- _Extracted information_
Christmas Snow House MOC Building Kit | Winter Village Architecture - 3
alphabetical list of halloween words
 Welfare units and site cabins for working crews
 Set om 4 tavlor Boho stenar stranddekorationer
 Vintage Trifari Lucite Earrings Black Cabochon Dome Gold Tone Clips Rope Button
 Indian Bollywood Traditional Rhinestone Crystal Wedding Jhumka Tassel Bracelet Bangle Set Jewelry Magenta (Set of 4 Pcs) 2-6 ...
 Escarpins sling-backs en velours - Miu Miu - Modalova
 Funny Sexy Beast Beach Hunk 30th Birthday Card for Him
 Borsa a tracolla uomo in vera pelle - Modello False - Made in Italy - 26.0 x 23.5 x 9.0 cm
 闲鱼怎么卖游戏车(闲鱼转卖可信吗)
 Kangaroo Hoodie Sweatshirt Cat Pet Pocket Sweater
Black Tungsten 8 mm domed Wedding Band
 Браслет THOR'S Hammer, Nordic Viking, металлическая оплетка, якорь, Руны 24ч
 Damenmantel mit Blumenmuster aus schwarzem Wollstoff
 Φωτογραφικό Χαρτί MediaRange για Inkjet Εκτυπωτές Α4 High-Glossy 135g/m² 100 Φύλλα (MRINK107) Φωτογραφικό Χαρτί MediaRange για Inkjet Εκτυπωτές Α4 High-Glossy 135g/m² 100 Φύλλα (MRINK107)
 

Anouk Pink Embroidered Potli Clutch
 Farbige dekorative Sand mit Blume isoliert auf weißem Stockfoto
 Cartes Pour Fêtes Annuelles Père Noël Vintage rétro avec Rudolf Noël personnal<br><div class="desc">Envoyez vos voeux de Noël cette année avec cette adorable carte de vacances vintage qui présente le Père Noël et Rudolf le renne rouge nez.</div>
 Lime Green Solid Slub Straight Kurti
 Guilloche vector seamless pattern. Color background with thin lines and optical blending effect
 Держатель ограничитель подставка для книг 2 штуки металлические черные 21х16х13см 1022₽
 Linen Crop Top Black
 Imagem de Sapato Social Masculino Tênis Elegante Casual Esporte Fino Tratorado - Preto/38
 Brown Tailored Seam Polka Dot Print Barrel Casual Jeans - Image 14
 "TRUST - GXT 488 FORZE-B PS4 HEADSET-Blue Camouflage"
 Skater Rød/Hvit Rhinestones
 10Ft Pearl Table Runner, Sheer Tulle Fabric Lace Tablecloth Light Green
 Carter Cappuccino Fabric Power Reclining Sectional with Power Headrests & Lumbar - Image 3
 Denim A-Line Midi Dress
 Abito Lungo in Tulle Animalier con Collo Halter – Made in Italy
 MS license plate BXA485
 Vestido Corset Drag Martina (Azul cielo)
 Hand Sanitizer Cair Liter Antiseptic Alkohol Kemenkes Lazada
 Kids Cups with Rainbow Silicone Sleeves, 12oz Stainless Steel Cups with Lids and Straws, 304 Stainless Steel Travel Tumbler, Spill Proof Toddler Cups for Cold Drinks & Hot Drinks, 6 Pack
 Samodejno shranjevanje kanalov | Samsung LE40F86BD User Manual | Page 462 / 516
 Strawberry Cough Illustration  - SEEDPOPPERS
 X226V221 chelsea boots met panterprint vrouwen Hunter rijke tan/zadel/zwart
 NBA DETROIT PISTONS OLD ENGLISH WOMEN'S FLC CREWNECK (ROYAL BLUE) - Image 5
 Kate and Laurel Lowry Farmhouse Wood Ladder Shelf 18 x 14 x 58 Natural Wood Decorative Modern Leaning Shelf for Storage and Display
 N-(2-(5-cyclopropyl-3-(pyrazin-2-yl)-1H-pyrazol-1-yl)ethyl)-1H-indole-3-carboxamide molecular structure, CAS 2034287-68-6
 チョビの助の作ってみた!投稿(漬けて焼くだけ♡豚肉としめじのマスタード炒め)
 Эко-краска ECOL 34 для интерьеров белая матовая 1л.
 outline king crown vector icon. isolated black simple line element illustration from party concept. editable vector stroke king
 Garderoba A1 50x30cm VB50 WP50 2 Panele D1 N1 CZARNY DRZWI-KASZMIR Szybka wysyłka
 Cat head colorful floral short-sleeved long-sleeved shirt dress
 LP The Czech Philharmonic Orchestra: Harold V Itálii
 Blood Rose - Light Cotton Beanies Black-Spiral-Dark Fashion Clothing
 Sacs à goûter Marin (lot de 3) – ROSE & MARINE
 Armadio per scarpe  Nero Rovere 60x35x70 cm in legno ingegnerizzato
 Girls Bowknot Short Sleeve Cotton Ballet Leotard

- _Task_
Each line from the start of the listing above through the line containing "Vintage Trifari Lucite" must be reproduced exactly. Leave out the rest.

- _Response below_
Christmas Snow House MOC Building Kit | Winter Village Architecture - 3
alphabetical list of halloween words
 Welfare units and site cabins for working crews
 Set om 4 tavlor Boho stenar stranddekorationer
 Vintage Trifari Lucite Earrings Black Cabochon Dome Gold Tone Clips Rope Button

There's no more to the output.